Time variation seems to be really important for both triple sort and AP-Trees. For both the AP-Tree and the triple sort, the out-of-sample Sharpe is improved with time varying weights.
AP-Trees clearly dominate triple sort in every portfolio. Furthermore, both AP-Trees and triple-sort benefit from shrinkage to the mean, which substantially stabilizes empirical performance.
The sample of data is divided into three equal time-series blocks. Each block is used as a training period, and the model is evaluated on the remaining two.
This sections illustrate two points.
The test assets are as important as the tests done: the optimal cross-section should span the SDF projected on stocks via characteristics, and allow for an easy diagnostic of model performance. Traditional sorts (specially deciles and simple long-short anomalies) do not span the underlying SDF, therefore, even capturing alpha, the model might be misspecified.
In the authors view, the SDF alpha is the best wau to measure, since it aggregates all the information from the test assets and measures its out-of-sample feasible to investors performance.
The pruning is a novel approach to select a small set of AP-Tree nodes with the most non-redundant pricing information for spanning the SDF. There are many conventional ways to prune a tree are not good in this particular case: the key issue lies in the fact that finding an optimal set of portfolios that span the SDF and maximize Sharpe ratio is a global problem and cannot be handled by local decision criteria.

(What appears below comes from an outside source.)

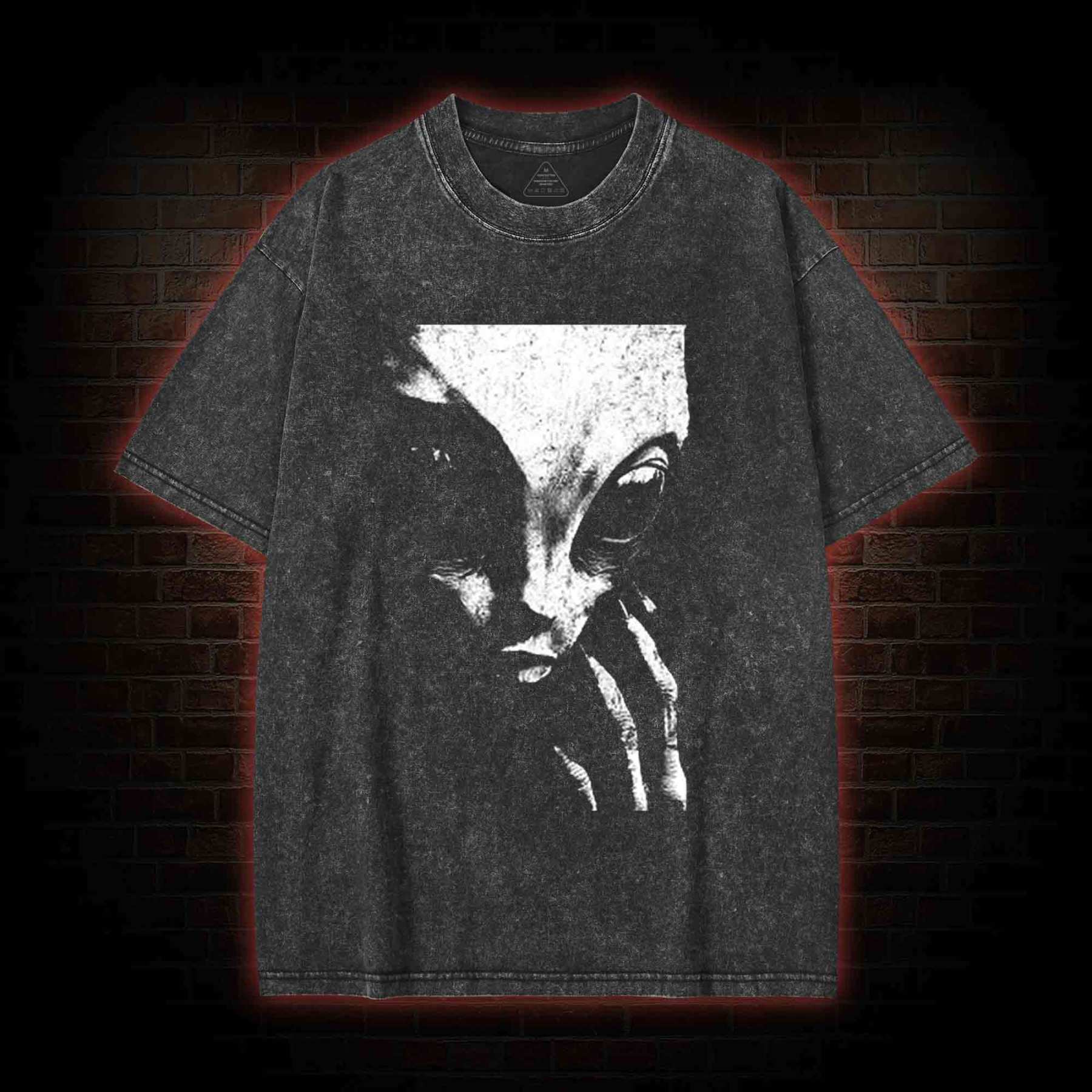 Alien UFO Weird Washed T-shirt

The authors solve the problem by considering simultaneously both the final and intermediate nodes and applying the mean variance optimization to both.
As mentioned before, the minimum variance portfolio weights are found with elastic net penalty.
The training data is used to test different lambda parameters. The validation set chooses the best lambda. The testing subsample is used to trace the fully out-of-sample performance of the SDF and the properties of the individual portfolios in the chosen cross-section.
There are two approaches which are common when trying to identify anomalies: (i) sorts of returns on anomaly variables, and (ii) regressions.
The main advantage of sorts in a simple picture of how average returns vary across the spectrum of an anomaly variable.
A common approach is to form equal-weight (EW) decile portfolios by sorting stocks on the variable of interest. Generally the focus is largely applied to detailed results for extreme deciles. The first problem with that is the fact that portfolios can be dominated by tiny companies, microcaps, which account for 60% of the number of stocks, but only account for 3% of the market cap of the NYSE. Furthermore, smallcaps tend to account for more anomalies, therefore, tipically staying in more extreme sort portfolios. Therefore, a solution
Steady of giving the same weight to all the stocks, the weights of the portfolio are directly related to the relative size of the stocks. On the other hand, this can lead to portfolios largely dominated by a few big stocks, resulting again in an unrepresentative picture of the importance of the anomaly.
To solve the problems, the sorting is done using quantiles for the size of the stock, being the sizes until percentil 20, 50 and larger than 50.
While regression provides a clear marginal effect, the sorting does not come with the same possibility. On the other hand, regressions make all stocks weight the same. Therefore, when using regression, an alternative is separate the slope for microcaps, small stocks, and big stocks.
Net present value is made by discounting the cash flows of the future. The discounted cash flows of the future brings the value to the present time by discounting it by a factor that takes into account the:
- time value of money (risk free)
- risk premium for non-diversifiable risk
The process of the SDF is generally abreaviate with capital M.